Italian investigative journalist Paolo Borrometi has been under armed protection for the last five years—and for good reason. In 2014, the mafia attacked him and tore his shoulder muscles in three places, leaving him with permanent damage. Then they set fire to his family’s house in Modica. They have threatened him numerous times: one mafia member in Ragusa threatened to place Borrometi’s heart in a pan and eat it. And in April of 2018, police caught a conversation on wiretap between members of a well-known mafia clan who were plotting to kill Borrometi.
Yet none of this stops Borrometi. This year, he was the recipient of the Peter Mackler Award, which is given to journalists who report in countries where freedom of the press is endangered. Borrometi received the award, which is named after the late foreign correspondent and journalist Peter Mackler, at the Newmark School of Journalism at CUNY on September 25.
On his website, La Spia (“The Spy”), founded in 2013, the Sicilian journalist exposes the workings of the Syracuse and Ragusa branches of the famous Sicilian mafia Cosa Nostra. He publishes information based on documents and the words of pentiti, or mafia men who break the code of silence. He has reported on mafia activities in the food processing industry, and he also writes about incompetence in the Italian health care system and problems with state institutions. Many of his articles talk about children who have become sick or died because of poor medical care. In April, he wrote an article exposing the truth about a UNESCO gala in Sicily, which was organized by a notorious mafia boss.
In his acceptance speech for the award, Borrometi named activist and radio journalist Peppino Impastato from Palermo as one of his heroes. The mafia murdered Impastato in 1978 after he denounced a clan boss who lived and operated in the area. Borrometi dedicated the award to several journalists who lost their lives while reporting. He was close friends with Daphne Caruana Galizia, the Maltese journalist killed in a car bomb in 2016, and he dedicated the award to her, as well as to Italian journalist Antonio Megalizzi, who was killed in a shooting in Strasbourg while reporting on the European Parliament.

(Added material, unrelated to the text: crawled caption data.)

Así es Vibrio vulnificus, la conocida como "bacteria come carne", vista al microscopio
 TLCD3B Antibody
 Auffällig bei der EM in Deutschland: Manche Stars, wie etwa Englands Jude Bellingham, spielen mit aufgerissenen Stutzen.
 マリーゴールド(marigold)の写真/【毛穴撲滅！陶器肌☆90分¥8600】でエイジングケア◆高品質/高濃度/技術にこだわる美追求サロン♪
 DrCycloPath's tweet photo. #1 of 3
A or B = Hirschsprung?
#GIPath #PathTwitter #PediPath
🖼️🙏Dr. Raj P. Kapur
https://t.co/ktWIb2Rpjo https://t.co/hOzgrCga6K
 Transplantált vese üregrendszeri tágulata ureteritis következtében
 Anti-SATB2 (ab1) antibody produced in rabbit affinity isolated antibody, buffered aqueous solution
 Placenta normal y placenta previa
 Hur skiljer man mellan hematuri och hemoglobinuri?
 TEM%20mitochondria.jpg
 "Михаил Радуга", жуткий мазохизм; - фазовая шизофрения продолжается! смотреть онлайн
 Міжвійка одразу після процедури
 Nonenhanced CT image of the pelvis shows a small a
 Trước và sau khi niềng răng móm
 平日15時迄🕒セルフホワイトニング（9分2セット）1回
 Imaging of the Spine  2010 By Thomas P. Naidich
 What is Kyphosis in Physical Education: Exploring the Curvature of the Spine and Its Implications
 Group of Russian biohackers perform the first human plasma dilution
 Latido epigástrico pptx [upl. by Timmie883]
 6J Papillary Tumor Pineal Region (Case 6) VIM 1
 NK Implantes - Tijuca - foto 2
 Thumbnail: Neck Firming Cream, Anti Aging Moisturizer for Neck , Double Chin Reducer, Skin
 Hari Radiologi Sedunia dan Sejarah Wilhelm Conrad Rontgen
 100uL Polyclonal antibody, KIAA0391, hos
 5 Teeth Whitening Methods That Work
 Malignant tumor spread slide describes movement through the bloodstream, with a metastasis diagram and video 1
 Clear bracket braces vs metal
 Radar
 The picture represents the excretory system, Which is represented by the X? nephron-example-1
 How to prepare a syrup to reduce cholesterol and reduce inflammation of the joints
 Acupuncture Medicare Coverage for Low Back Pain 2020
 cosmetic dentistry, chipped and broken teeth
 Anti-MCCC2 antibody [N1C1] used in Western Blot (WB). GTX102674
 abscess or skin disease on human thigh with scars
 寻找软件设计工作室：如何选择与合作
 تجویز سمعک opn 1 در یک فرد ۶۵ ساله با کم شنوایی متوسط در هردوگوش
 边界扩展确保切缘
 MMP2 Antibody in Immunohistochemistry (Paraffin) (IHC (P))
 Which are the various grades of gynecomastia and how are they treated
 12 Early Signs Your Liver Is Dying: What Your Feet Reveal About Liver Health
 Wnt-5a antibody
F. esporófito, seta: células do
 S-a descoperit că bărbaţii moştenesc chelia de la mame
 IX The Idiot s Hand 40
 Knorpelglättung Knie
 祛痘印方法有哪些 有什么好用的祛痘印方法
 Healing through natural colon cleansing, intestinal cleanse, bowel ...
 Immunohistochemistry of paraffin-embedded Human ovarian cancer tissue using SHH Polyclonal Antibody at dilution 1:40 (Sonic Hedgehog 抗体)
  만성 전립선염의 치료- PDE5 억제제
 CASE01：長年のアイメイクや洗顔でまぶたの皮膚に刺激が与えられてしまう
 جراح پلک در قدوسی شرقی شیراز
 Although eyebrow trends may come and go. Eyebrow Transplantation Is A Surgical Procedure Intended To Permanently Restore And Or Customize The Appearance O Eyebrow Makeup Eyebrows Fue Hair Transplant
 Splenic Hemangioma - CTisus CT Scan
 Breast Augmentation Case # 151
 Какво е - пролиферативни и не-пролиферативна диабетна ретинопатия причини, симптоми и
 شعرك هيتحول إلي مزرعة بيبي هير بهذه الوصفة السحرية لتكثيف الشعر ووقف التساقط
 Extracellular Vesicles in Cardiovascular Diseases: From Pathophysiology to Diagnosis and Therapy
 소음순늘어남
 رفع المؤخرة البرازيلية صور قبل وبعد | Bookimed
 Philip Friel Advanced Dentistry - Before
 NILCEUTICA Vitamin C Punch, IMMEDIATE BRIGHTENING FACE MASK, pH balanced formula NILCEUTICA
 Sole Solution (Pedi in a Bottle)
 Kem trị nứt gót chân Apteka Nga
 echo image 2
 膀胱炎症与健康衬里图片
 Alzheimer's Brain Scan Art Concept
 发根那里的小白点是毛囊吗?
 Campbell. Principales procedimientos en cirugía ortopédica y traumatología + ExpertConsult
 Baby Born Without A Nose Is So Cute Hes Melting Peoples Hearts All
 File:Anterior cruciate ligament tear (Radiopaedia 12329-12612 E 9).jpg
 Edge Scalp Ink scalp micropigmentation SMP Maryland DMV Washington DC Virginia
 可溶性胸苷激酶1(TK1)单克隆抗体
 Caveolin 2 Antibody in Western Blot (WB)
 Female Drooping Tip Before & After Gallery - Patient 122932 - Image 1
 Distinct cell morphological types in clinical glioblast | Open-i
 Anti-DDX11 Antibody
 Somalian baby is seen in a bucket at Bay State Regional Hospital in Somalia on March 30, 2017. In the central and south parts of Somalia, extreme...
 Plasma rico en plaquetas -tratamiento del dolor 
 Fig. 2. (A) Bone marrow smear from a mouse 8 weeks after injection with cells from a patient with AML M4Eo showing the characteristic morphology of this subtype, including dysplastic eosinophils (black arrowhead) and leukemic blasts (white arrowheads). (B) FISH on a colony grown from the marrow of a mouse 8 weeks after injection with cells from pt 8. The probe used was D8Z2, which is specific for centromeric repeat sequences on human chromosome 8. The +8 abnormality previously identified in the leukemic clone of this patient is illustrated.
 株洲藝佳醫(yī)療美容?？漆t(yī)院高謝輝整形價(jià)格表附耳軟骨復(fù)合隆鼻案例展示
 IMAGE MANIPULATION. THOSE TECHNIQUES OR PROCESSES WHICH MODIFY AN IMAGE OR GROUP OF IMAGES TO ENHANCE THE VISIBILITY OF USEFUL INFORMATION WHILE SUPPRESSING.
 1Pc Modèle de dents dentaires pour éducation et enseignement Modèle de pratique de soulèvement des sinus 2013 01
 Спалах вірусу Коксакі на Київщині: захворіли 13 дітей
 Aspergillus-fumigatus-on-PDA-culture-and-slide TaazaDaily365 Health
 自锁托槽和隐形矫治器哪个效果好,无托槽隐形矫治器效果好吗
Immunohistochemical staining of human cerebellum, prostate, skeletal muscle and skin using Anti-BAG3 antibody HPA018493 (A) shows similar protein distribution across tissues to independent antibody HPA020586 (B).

Borrometi’s first personal encounter with the mafia happened when he was about 10 years old. In his 2018 book, Every Once in a While Somebody Dies, Borrometi recounts how his father, who was a local politician, refused to engage in corruption. Consequently, Borrometi’s house was robbed, and a mysterious car began following him as he walked through the neighborhood. These events terrified him, and he developed a stutter. It wasn’t until years later that Borrometi discovered that the man following him was a Sicilian mafioso.
Borrometi grew up during the years when tensions between the Italian state and the Sicilian mafia were boiling over. He was driven toward journalism after the 1992 massacres of Giovanni Falcone and Paolo Borsellino, the two judges who presided over the Maxi trial, a famous case in the 1980s that sent 360 mafia members to prison. He has written about some of the most notorious mafia bosses in recent history, including Salvatore “Toto” Riina, who led the assassinations against Falcone and Borsellino, and Bernardo Provenzano, who hid from the police for 40 years before finally being captured in 2006.
He graduated college with a degree in law and started working as a journalist in 2010, collaborating with various sites such as La Repubblica, Il Giornale di Sicilia, and UnaVoce. Today, he works with the Italian Roman-Catholic network TV2000 and with the Italian news agency Agi, where he was recently named vice-president.
Borrometi called the Mackler award the “crowning of a dream,” rivalled only by the time in 2015 when he was named Cavaliere dell’Ordine al merito della Repubblica italiana,—-the Italian equivalent of knighthood.
Borrometi is one of over 200 journalists in Italy who live under police protection because of threats from the mafia. When he speaks at high schools, Borrometi said, the students often ask him if he has given up his freedom. He replies that, although living under armed guard means that he has given up some independence, he receives a greater freedom: the ability to speak the truth.
After Borrometi accepted his award, Ian Fisher, editor at Bloomberg, moderated a discussion on how to confront situations in which journalists are put in danger. He was joined by Susan Chira of the Marshall Project, Courtney C. Radsch of the Committee to Protect Journalists and Andrew Rosati, a Knight Fellow at Columbia University.
They talked about the risk of sending journalists into dangerous places at a time when many people have hostile attitudes toward the media. There is no longer guaranteed government support for reporters who are jailed or injured, and editors are forced to choose between the story’s importance and the well-being of the journalist. Lack of public confidence in the press feeds this general apathy toward journalists in danger. They also discussed the necessity of protecting local journalists like Borrometi, who are often in far more danger than Western foreign correspondents.
Borrometi said he didn’t know if he would ever have a family, or children. For now, his plans are to continue reporting and holding those in power accountable; in other words, following his lifelong dream.